Data under study ->
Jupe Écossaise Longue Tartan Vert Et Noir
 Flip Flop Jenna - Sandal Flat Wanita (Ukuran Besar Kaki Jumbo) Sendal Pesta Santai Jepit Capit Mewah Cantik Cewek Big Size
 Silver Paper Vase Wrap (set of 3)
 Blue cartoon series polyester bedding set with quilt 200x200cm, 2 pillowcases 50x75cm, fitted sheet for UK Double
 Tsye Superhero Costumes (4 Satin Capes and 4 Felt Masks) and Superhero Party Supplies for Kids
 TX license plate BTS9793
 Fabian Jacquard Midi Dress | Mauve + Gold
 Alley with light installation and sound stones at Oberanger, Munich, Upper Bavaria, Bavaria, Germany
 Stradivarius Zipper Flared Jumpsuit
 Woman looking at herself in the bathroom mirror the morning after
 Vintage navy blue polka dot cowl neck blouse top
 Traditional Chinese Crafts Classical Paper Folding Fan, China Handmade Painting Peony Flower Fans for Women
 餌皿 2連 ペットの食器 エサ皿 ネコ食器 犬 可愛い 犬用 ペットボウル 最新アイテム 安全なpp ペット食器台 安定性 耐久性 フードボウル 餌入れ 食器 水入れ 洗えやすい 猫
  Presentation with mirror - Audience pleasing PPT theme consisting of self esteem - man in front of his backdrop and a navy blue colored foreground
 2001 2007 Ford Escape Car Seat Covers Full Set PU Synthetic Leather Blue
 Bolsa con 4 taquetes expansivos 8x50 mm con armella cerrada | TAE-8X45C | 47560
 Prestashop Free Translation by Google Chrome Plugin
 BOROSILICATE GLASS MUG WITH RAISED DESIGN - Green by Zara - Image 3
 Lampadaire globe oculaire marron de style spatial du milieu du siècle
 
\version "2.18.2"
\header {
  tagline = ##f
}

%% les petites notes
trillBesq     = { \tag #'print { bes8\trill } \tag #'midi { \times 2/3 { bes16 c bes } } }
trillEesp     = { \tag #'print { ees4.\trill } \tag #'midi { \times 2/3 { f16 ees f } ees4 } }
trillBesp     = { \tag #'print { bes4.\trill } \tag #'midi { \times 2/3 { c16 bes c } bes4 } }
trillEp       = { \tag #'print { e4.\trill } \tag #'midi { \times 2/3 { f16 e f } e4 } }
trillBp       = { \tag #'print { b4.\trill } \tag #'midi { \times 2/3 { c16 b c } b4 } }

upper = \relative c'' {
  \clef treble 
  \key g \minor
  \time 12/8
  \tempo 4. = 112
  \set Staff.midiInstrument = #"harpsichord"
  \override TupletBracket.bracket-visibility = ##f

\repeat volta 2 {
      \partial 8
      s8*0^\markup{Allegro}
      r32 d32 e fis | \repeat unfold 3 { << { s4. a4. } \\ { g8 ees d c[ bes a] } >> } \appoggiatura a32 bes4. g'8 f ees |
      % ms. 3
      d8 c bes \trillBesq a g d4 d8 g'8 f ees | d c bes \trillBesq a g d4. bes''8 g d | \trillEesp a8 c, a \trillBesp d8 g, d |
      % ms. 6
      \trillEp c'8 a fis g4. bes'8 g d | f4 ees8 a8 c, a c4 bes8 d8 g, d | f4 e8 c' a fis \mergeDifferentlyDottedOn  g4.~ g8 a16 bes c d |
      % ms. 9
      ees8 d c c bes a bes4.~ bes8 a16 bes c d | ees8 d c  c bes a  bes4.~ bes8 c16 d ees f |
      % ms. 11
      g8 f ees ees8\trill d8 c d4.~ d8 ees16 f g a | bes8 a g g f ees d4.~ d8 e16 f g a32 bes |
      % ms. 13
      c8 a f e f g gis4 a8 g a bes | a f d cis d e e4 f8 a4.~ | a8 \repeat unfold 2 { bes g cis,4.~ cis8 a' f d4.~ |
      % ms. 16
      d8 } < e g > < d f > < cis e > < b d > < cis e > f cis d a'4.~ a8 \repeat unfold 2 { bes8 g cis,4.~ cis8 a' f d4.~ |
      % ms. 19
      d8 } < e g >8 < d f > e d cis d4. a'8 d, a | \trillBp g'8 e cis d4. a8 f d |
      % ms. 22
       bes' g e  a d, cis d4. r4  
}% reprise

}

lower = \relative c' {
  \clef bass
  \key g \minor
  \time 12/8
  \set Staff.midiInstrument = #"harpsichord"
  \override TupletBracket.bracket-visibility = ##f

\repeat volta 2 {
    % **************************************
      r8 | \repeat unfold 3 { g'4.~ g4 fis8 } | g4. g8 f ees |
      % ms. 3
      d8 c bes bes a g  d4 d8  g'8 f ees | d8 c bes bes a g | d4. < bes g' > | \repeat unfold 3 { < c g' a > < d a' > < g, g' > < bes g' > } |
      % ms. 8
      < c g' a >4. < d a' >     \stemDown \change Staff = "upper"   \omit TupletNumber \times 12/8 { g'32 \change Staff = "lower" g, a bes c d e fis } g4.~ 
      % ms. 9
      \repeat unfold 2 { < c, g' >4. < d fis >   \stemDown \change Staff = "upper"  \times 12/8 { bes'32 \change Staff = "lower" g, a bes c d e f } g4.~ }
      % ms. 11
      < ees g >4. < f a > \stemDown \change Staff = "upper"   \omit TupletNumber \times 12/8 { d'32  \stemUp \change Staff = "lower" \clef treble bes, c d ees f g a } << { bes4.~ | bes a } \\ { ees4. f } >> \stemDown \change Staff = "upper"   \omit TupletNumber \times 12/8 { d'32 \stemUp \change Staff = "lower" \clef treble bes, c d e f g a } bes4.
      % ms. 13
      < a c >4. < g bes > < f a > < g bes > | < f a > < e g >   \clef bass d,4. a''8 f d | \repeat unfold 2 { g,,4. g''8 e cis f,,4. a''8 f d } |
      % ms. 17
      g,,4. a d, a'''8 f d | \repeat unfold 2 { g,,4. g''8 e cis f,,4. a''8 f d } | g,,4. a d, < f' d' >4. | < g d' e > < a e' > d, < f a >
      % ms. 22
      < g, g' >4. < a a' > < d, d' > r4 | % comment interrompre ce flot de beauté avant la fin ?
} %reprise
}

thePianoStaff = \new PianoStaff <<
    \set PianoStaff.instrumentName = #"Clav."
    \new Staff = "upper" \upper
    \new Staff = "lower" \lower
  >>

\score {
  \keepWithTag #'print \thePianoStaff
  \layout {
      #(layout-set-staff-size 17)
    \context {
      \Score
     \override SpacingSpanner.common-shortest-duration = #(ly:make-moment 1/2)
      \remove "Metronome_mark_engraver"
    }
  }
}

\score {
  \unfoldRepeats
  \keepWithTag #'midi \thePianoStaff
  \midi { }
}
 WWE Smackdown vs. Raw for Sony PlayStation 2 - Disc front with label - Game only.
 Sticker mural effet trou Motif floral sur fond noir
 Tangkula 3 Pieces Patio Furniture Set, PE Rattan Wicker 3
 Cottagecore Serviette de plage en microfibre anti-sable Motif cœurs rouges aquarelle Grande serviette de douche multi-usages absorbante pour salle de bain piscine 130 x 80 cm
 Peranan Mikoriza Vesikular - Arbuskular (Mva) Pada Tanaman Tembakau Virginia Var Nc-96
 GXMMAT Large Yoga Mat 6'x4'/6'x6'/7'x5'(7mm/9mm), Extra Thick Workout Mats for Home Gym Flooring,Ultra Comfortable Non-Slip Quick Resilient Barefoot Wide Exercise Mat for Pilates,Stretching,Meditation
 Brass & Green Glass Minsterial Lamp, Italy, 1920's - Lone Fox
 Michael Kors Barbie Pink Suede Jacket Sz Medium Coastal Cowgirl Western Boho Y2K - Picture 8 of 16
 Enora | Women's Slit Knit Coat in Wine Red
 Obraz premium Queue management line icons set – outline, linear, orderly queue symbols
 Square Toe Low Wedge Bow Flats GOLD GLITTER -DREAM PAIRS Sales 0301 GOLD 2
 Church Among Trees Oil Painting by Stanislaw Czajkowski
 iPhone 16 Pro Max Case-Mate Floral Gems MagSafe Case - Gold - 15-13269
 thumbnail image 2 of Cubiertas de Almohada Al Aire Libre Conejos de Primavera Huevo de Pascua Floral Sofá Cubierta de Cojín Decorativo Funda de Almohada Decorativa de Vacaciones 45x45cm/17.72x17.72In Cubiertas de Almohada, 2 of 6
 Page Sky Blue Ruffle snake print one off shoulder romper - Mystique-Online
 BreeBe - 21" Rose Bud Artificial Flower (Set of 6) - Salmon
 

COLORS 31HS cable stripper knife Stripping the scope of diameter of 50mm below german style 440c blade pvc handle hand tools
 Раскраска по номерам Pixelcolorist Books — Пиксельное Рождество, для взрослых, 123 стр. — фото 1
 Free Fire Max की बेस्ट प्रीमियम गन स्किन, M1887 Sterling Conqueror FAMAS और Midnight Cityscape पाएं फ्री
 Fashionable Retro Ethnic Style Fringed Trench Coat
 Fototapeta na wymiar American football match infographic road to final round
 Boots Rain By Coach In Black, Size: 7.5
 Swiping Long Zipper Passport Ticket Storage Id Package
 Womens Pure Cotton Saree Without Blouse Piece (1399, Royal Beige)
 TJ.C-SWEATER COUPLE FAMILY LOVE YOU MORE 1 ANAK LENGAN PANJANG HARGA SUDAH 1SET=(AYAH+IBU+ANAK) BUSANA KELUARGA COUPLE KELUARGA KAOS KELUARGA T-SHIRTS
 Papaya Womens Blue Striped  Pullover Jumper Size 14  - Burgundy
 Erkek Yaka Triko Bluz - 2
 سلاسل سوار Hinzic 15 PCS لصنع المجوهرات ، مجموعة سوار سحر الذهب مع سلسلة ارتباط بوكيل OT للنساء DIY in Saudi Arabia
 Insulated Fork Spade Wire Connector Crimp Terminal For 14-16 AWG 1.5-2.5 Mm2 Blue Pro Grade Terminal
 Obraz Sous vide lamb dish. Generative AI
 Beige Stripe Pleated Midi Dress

Your instructions -> Give only the lines from the one holding "Cottagecore Serviette de" through the one holding "Erkek Yaka Triko Bluz - 2", each restated exactly as it appears above.

Your solution ->
 Cottagecore Serviette de plage en microfibre anti-sable Motif cœurs rouges aquarelle Grande serviette de douche multi-usages absorbante pour salle de bain piscine 130 x 80 cm
 Peranan Mikoriza Vesikular - Arbuskular (Mva) Pada Tanaman Tembakau Virginia Var Nc-96
 GXMMAT Large Yoga Mat 6'x4'/6'x6'/7'x5'(7mm/9mm), Extra Thick Workout Mats for Home Gym Flooring,Ultra Comfortable Non-Slip Quick Resilient Barefoot Wide Exercise Mat for Pilates,Stretching,Meditation
 Brass & Green Glass Minsterial Lamp, Italy, 1920's - Lone Fox
 Michael Kors Barbie Pink Suede Jacket Sz Medium Coastal Cowgirl Western Boho Y2K - Picture 8 of 16
 Enora | Women's Slit Knit Coat in Wine Red
 Obraz premium Queue management line icons set – outline, linear, orderly queue symbols
 Square Toe Low Wedge Bow Flats GOLD GLITTER -DREAM PAIRS Sales 0301 GOLD 2
 Church Among Trees Oil Painting by Stanislaw Czajkowski
 iPhone 16 Pro Max Case-Mate Floral Gems MagSafe Case - Gold - 15-13269
 thumbnail image 2 of Cubiertas de Almohada Al Aire Libre Conejos de Primavera Huevo de Pascua Floral Sofá Cubierta de Cojín Decorativo Funda de Almohada Decorativa de Vacaciones 45x45cm/17.72x17.72In Cubiertas de Almohada, 2 of 6
 Page Sky Blue Ruffle snake print one off shoulder romper - Mystique-Online
 BreeBe - 21" Rose Bud Artificial Flower (Set of 6) - Salmon
 

COLORS 31HS cable stripper knife Stripping the scope of diameter of 50mm below german style 440c blade pvc handle hand tools
 Раскраска по номерам Pixelcolorist Books — Пиксельное Рождество, для взрослых, 123 стр. — фото 1
 Free Fire Max की बेस्ट प्रीमियम गन स्किन, M1887 Sterling Conqueror FAMAS और Midnight Cityscape पाएं फ्री
 Fashionable Retro Ethnic Style Fringed Trench Coat
 Fototapeta na wymiar American football match infographic road to final round
 Boots Rain By Coach In Black, Size: 7.5
 Swiping Long Zipper Passport Ticket Storage Id Package
 Womens Pure Cotton Saree Without Blouse Piece (1399, Royal Beige)
 TJ.C-SWEATER COUPLE FAMILY LOVE YOU MORE 1 ANAK LENGAN PANJANG HARGA SUDAH 1SET=(AYAH+IBU+ANAK) BUSANA KELUARGA COUPLE KELUARGA KAOS KELUARGA T-SHIRTS
 Papaya Womens Blue Striped  Pullover Jumper Size 14  - Burgundy
 Erkek Yaka Triko Bluz - 2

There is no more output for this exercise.